Across Asia Pacific (APAC), businesses and consumers alike are watching. At the end of last year, the World Economic Forum estimated that generative AI will add $76 billion to the Australian economy by 2030 and unlock as much as $1.1 trillion to Japan’s productive capacity. Accenture’s Life Trends 2024 report has also found that 81% of people in APAC are ‘familiar’ with conversational AI. We are witnessing the early tremors of a technological, societal, and economic earthquake.
To a large extent, the economic potential of generative AI, combined with its near-unprecedented mass market awareness, has brought about a fizz of excitement and positivity around the technology. But the whole reality is a lot more complicated than that. The ability to face this reality could prove the difference between the businesses that ride the wave of AI’s potential and those that will be swept underneath it.
At the root of the problem is a growing unease: Many people feel technology is happening to them rather than for them. For instance, almost a third (31%) of APAC consumers said that technology “complicates life just as much as it simplifies it". Breathless proclamations about the potential of AI are being heard in a context where nearly half (45%) of APAC consumers already feel that technology is “moving at an overwhelming pace".
As a result, consumers are becoming more wary of technology and changing how they use it. Thirty-six percent of APAC consumers said it was “more important than ever to apply critical thinking regarding what technology to use, and how".
We should be honest about how we arrived here to break away from cynicism and make the most out of generative AI’s undoubted potential. Repeated, formulaic hype cycles around technology innovations have damaged the logical link between technological progress and societal advancement. Rightly or wrongly, too many tech promises are seen to have been hollow. And perhaps that’s understandable. After all, we’re not yet meeting up for dinner in the metaverse and VR remains stubbornly outside of the mass market.
Whether all of those perceived disappointments are fair and accurate is up for debate. But what’s undeniable is that the repeated hype cycles have left too many individuals feeling like passengers riding technological advancements.

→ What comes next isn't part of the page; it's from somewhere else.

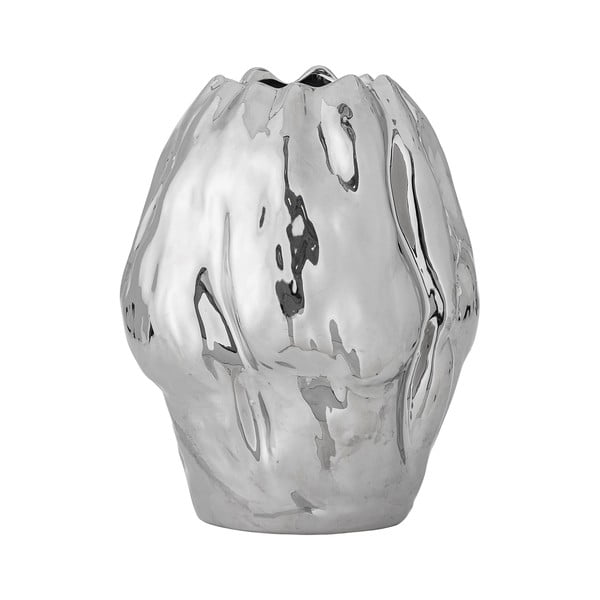 Vaso argentato in gres (altezza totale 29 cm) Bobby – Bloomingville-image-3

Businesses have a significant role to play in remedying this problem. Most APAC consumers expect companies to address their evolving needs during disruptions. And AI is most certainly a disruption.
If individuals seek to re-establish control over their relationships with technology, let’s empower them. This will require a new harmony where technology supports users rather than dominates them and offers diverse interaction options.

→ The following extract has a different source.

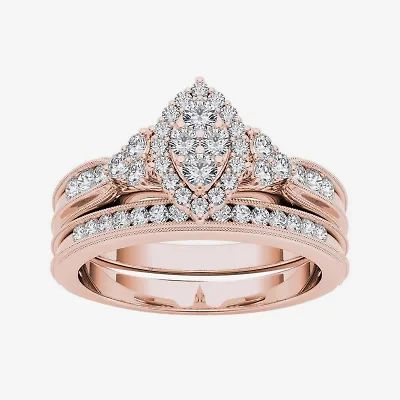 CT.T.W. Natural Diamond 10K Rose Gold Bridal Ring Set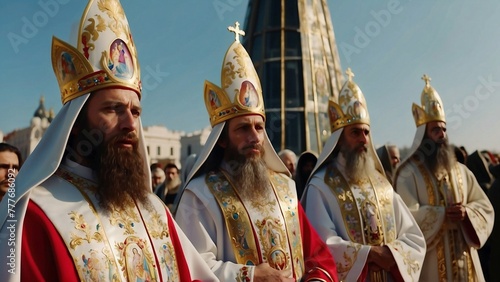 Futuristic orthodox monks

In other words, businesses must lead in re-establishing the link between technology and progress. Let's focus on value when we talk about generative AI and its potential. How is this going to make peoples’ lives better? Let’s be clear, for example, about how AI is transforming the internet from informative to intelligent and the experience of using it from transactional to personal. Already, people are replacing traditional search engines with generative AI internet search-bots like Microsoft Bing Chat, or augmenting the search experience with Google Search Generative Experience, which can provide AI-powered overviews and responses to people’s answers.

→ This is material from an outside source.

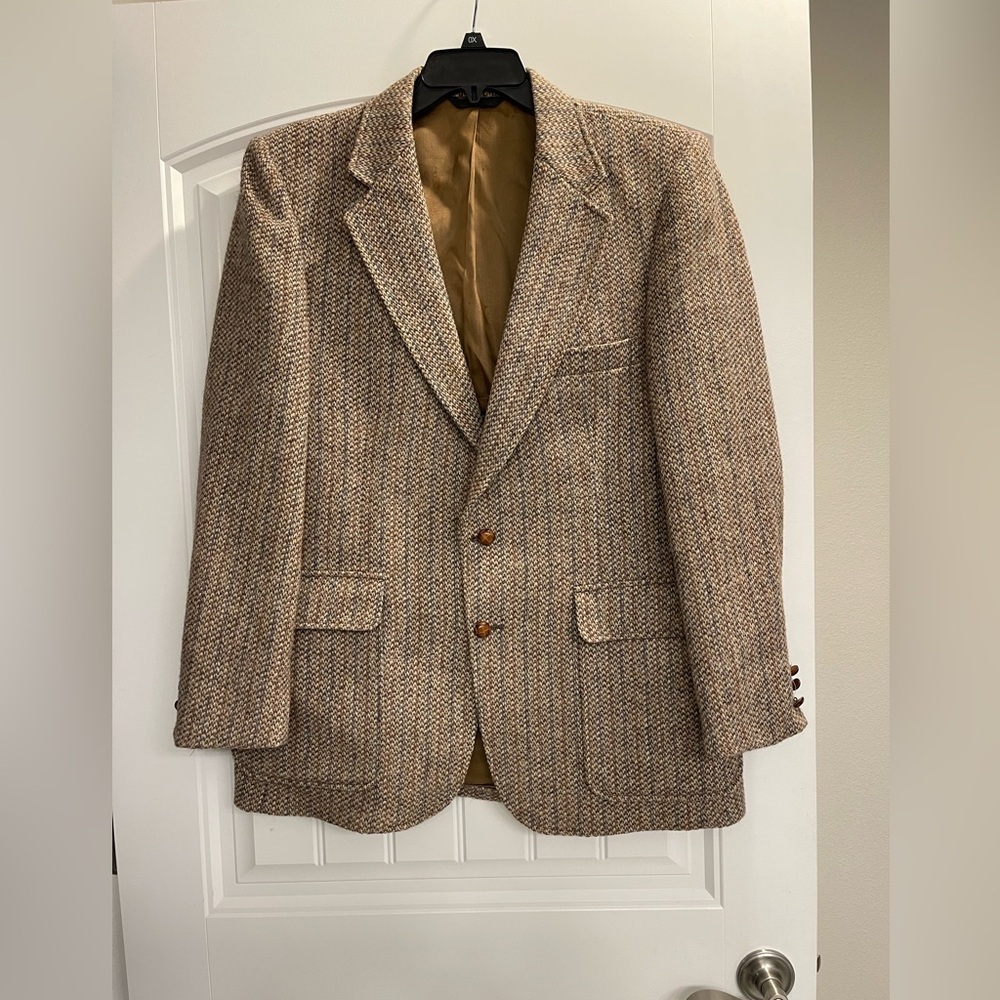 Vintage Harris Tweed Men's Sport Coat Blazer 2 Button Sports Jacket Size 40-42R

Because of AI, we will all be more digitally understood than ever before but leaders should not assume that consumers will automatically buy into the idea that this is a good thing. The rapid pace of technological innovation demands careful decision-making now. We will need to prove it to them to ensure success and growth.
In navigating AI's role in delivering meaningful customer experiences, leaders must recognise its broader implications beyond mere innovation, aligning with evolving human behaviours and expectations. One day, every connected person could have their own AI companion that can predict their preferences based on past choices and become the mediator between them and the internet. This represents potential transformation in how machines hear and understand people, and unfolds a more significant opportunity for businesses to build an experience of the world that’s highly personalised to people.
Ultimately, businesses need to meet our audiences where they are, underlining that we understand their concerns around the pace of technological change and giving reasoned assurance that AI-driven transformations will be positive ones. In other words, be responsible and relevant.
To say that this is a technological revolution is an incomplete definition. At its heart, this is also a revolution of humanity. Any business looking to leverage AI to achieve growth – and it’s hard to think of any who shouldn’t be – must accept that human connection is one of the most vital tools in their arsenal.
The transformative potential of AI and its ability to drive growth represents a once-in-a-generation opportunity. But businesses won’t grasp that opportunity unless they find a way to fit their vision for AI into consumers’ lives and expectations as they exist today. People are currently looking at AI with wary curiosity. The successful businesses of tomorrow will reward that curiosity with value, positivity and enhancement.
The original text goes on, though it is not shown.